[DATASET RECORDS]:
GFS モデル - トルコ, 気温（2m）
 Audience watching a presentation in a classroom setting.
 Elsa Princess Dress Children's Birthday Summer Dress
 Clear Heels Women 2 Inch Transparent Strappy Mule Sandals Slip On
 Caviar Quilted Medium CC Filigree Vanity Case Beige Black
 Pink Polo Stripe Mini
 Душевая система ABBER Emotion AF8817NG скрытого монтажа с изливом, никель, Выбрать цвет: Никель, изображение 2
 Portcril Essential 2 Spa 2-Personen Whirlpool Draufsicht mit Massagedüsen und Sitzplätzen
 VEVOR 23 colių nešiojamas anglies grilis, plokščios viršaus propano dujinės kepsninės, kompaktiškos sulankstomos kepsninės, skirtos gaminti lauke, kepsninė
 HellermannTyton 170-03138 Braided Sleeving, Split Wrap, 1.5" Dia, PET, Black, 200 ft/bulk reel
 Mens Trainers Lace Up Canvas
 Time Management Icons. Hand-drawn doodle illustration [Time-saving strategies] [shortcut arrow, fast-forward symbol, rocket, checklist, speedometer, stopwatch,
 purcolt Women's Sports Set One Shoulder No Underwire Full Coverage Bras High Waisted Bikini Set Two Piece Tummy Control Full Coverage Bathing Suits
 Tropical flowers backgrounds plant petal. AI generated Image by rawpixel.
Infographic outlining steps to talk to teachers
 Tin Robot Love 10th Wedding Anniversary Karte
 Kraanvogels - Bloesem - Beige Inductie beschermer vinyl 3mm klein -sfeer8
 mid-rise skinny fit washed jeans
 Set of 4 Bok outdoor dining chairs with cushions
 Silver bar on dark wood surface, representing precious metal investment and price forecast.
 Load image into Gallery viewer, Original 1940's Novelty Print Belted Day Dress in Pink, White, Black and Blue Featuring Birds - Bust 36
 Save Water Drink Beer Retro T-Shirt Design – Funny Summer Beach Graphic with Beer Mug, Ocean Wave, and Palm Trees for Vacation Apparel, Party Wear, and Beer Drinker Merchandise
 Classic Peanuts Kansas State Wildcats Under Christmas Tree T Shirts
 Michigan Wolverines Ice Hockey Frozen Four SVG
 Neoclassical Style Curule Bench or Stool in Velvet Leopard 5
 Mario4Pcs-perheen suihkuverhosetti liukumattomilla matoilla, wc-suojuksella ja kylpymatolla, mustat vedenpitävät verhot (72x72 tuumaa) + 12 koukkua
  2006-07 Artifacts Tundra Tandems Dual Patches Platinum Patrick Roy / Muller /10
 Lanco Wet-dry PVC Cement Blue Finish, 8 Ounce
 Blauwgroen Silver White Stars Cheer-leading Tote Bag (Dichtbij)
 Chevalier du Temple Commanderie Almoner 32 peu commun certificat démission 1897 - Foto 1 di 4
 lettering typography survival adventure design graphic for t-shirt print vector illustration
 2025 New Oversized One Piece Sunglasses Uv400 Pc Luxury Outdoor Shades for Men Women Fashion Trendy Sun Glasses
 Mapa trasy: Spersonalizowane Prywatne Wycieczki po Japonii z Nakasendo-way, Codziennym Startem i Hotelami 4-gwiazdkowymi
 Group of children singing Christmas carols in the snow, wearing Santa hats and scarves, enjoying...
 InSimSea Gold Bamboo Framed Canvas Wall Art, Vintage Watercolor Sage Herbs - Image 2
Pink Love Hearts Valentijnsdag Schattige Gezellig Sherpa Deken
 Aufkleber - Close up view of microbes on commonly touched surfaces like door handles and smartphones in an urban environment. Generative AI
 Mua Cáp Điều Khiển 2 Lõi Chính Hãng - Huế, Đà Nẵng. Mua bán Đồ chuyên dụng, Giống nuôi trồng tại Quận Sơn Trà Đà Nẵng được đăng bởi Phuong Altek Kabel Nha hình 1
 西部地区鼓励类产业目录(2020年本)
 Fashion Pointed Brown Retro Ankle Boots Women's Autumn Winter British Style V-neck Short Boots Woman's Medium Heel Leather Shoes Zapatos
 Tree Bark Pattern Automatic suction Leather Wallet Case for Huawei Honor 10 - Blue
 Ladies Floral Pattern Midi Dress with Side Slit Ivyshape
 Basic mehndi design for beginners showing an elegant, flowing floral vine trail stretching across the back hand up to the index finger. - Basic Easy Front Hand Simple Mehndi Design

[TASK ITEM]: Quote exactly the lines running from the start of the listing above through the line where "Mens Trainers Lace Up Canvas" is found, and output no other lines.

[RESPONSE AREA]:
GFS モデル - トルコ, 気温（2m）
 Audience watching a presentation in a classroom setting.
 Elsa Princess Dress Children's Birthday Summer Dress
 Clear Heels Women 2 Inch Transparent Strappy Mule Sandals Slip On
 Caviar Quilted Medium CC Filigree Vanity Case Beige Black
 Pink Polo Stripe Mini
 Душевая система ABBER Emotion AF8817NG скрытого монтажа с изливом, никель, Выбрать цвет: Никель, изображение 2
 Portcril Essential 2 Spa 2-Personen Whirlpool Draufsicht mit Massagedüsen und Sitzplätzen
 VEVOR 23 colių nešiojamas anglies grilis, plokščios viršaus propano dujinės kepsninės, kompaktiškos sulankstomos kepsninės, skirtos gaminti lauke, kepsninė
 HellermannTyton 170-03138 Braided Sleeving, Split Wrap, 1.5" Dia, PET, Black, 200 ft/bulk reel
 Mens Trainers Lace Up Canvas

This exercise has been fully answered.